▶ _What to work on_
When you reach the line holding "this 640×427 image." in the material below, return that line and each one after it, word for word, with the pictures dropped.
+ + + + +
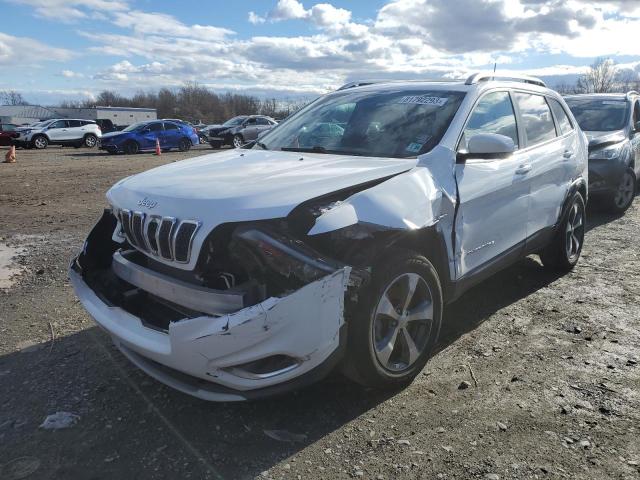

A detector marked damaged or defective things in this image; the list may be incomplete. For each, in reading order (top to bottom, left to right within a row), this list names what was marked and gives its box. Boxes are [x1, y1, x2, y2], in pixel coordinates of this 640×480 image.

cracked front bumper [71, 262, 350, 402]
detached bumper piece [70, 210, 356, 402]
white damaged suv [72, 72, 588, 402]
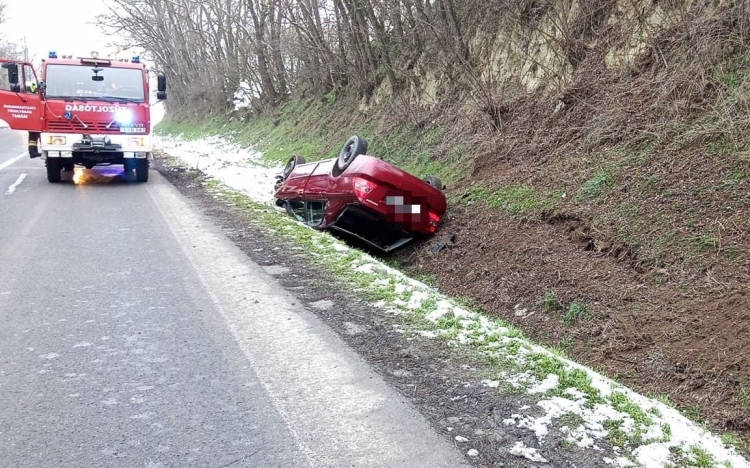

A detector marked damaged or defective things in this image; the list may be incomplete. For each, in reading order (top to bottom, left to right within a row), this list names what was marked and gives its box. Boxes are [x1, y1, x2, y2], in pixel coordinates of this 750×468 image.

overturned red car [274, 135, 446, 252]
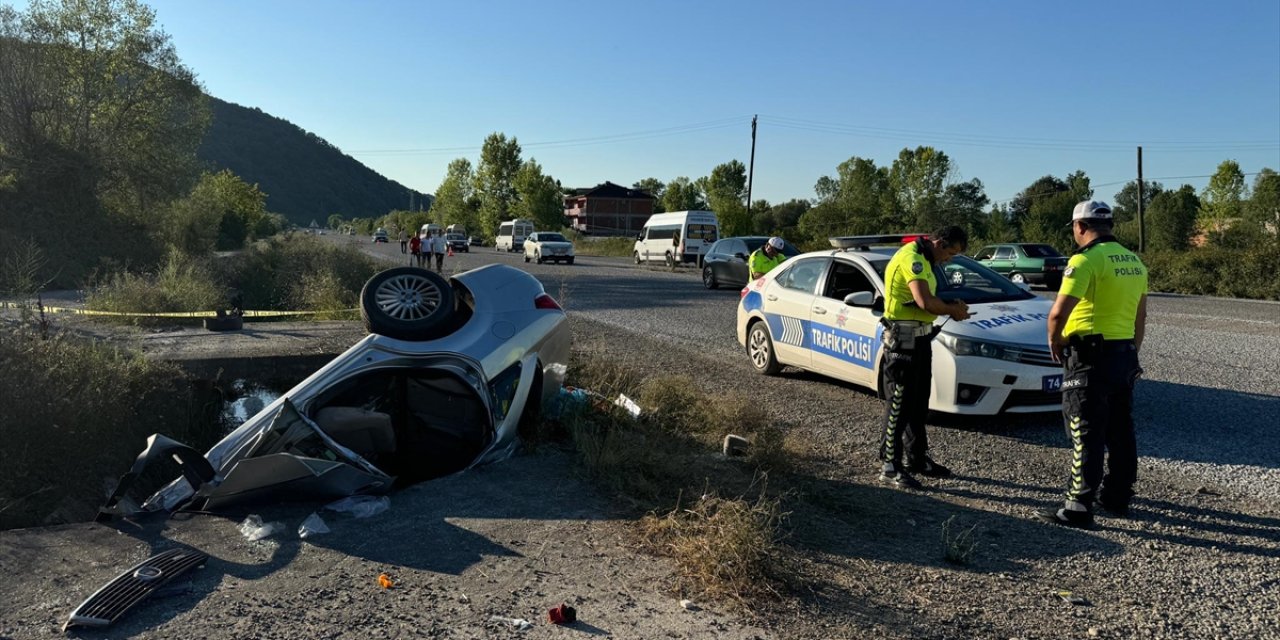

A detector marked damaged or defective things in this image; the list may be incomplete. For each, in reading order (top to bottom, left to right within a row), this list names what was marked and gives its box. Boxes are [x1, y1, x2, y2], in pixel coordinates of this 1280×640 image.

overturned white car [102, 264, 573, 519]
detached car grille [64, 545, 208, 629]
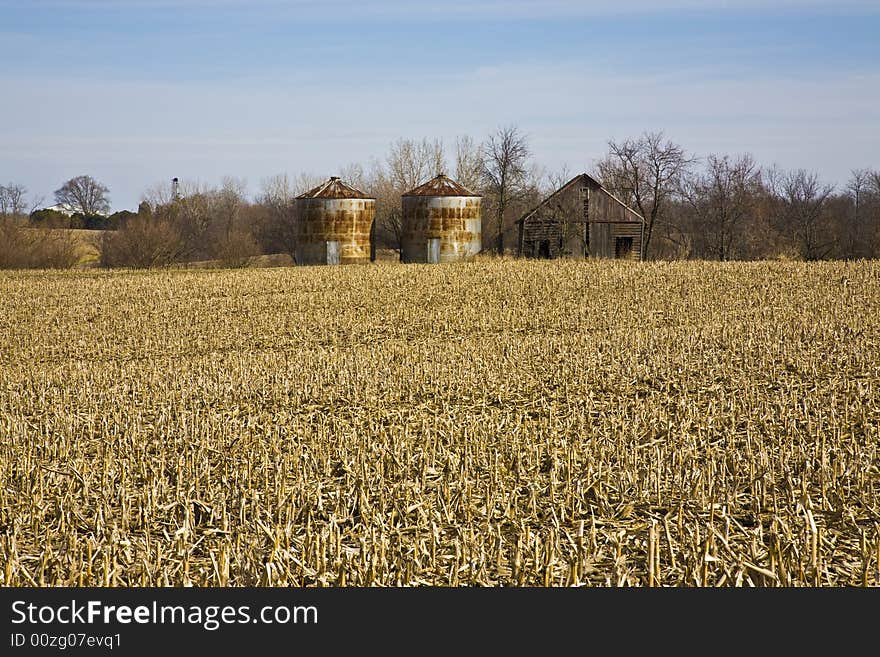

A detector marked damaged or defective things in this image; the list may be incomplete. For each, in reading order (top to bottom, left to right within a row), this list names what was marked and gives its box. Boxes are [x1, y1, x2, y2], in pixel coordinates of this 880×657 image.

rusty grain bin [296, 178, 374, 266]
rusted metal silo wall [296, 196, 374, 266]
rusty grain bin [400, 177, 482, 266]
rusted metal silo wall [404, 195, 484, 264]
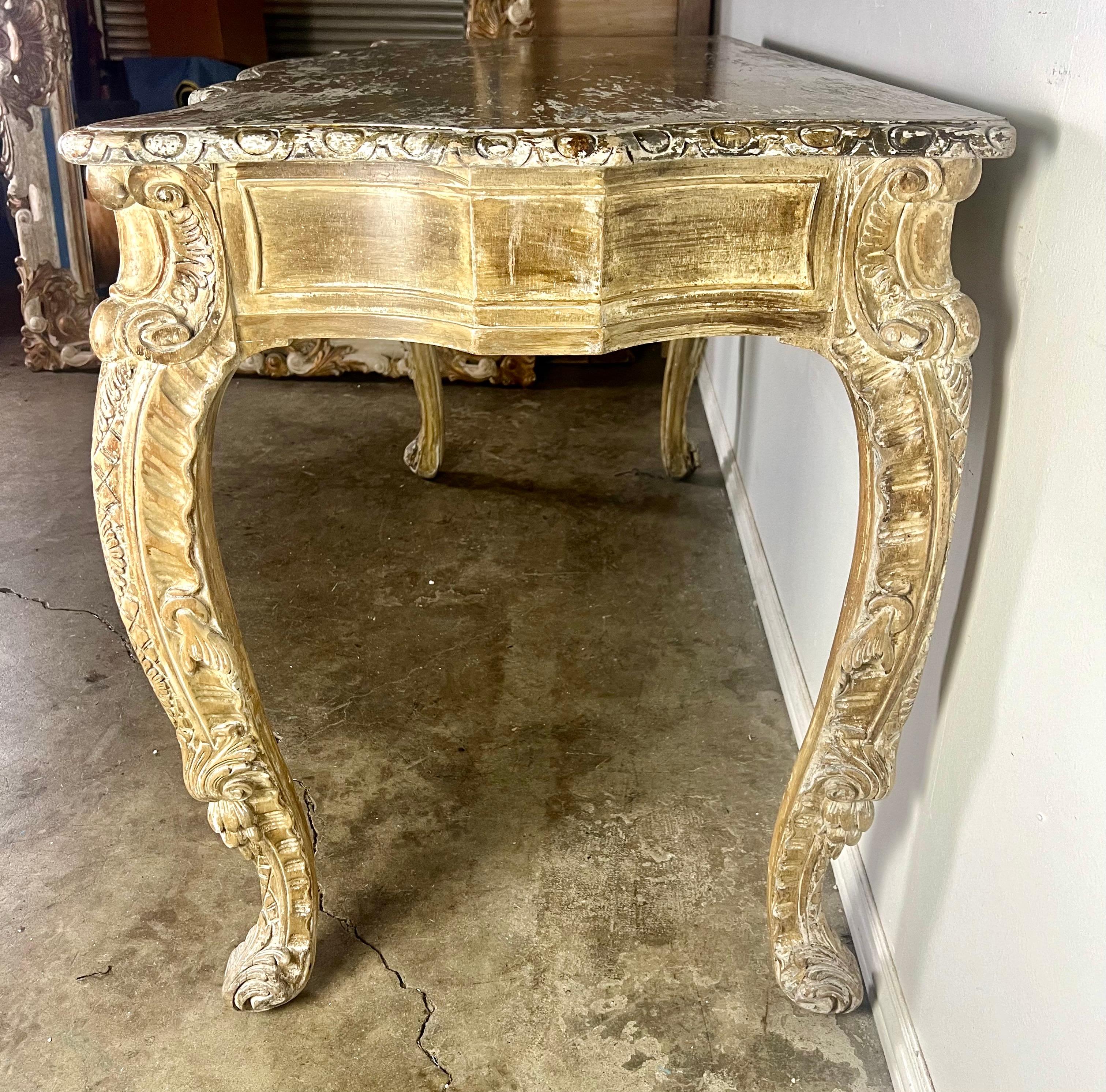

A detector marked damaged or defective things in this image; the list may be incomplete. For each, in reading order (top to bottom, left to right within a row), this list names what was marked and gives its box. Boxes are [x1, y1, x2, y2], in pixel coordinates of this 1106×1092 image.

crack in concrete floor [0, 583, 137, 663]
crack in concrete floor [296, 782, 451, 1087]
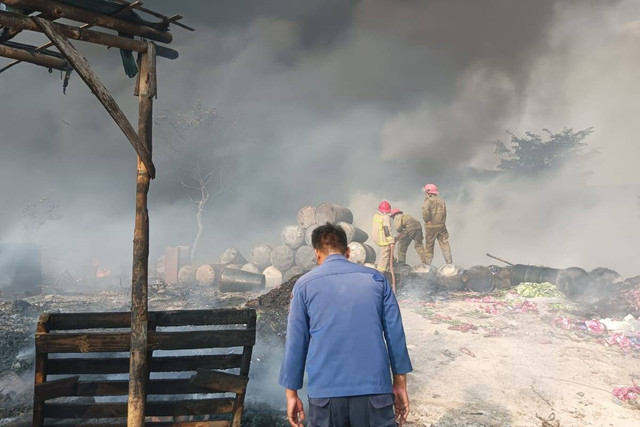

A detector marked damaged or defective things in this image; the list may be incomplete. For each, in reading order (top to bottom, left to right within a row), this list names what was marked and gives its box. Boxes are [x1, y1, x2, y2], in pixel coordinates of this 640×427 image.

rusty barrel [296, 207, 316, 231]
rusty barrel [314, 203, 352, 224]
rusty barrel [280, 226, 304, 249]
rusty barrel [336, 221, 370, 244]
rusty barrel [221, 247, 249, 268]
rusty barrel [249, 244, 272, 270]
rusty barrel [270, 244, 296, 270]
rusty barrel [296, 244, 318, 270]
rusty barrel [348, 242, 378, 266]
rusty barrel [218, 268, 264, 294]
rusty barrel [436, 266, 464, 292]
rusty barrel [464, 264, 496, 294]
rusty barrel [510, 264, 560, 288]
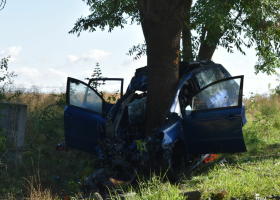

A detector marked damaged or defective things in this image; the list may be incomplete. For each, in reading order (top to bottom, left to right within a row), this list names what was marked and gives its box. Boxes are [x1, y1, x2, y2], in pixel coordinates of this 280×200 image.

wrecked blue car [64, 60, 247, 180]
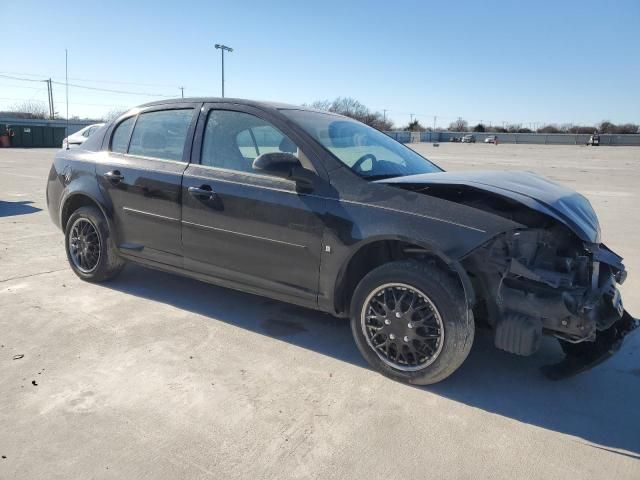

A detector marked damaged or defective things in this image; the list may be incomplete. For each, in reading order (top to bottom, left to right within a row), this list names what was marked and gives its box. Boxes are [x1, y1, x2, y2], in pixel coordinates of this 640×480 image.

front-end damage [380, 172, 640, 378]
crumpled bumper [540, 310, 640, 380]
+ + + + +
▶ _Solution to the problem_
A detector marked damaged or defective things in this image; the list may be incomplete. For each, in reading order (top to bottom, left to right within a row), this list names what was marked and gives its box. Boxes are [x1, y1, x2, y2], in pixel coordinates of this 640×427 image.

rusty barrel [296, 207, 316, 231]
rusty barrel [314, 203, 352, 224]
rusty barrel [280, 226, 304, 249]
rusty barrel [336, 221, 370, 244]
rusty barrel [221, 247, 249, 268]
rusty barrel [249, 244, 272, 270]
rusty barrel [270, 244, 296, 270]
rusty barrel [296, 244, 318, 270]
rusty barrel [348, 242, 378, 266]
rusty barrel [218, 268, 264, 294]
rusty barrel [436, 266, 464, 292]
rusty barrel [464, 264, 496, 294]
rusty barrel [510, 264, 560, 288]

A detector marked damaged or defective things in this image; the list may be incomplete. For each, in reading order (top to bottom, left to right within a row), this list names what was marked and gives its box. Boxes are [x1, y1, x2, y2], in pixel coordinates of this 280×200 image.

wrecked blue car [64, 60, 247, 180]

A detector marked damaged or defective things in this image; the list may be incomplete. For each, in reading order (top to bottom, left to right within a row), this list names what was marked and gives its box. Boxes are [x1, y1, x2, y2], in pixel coordinates of this 640×480 image.

front-end damage [380, 172, 640, 378]
crumpled bumper [540, 310, 640, 380]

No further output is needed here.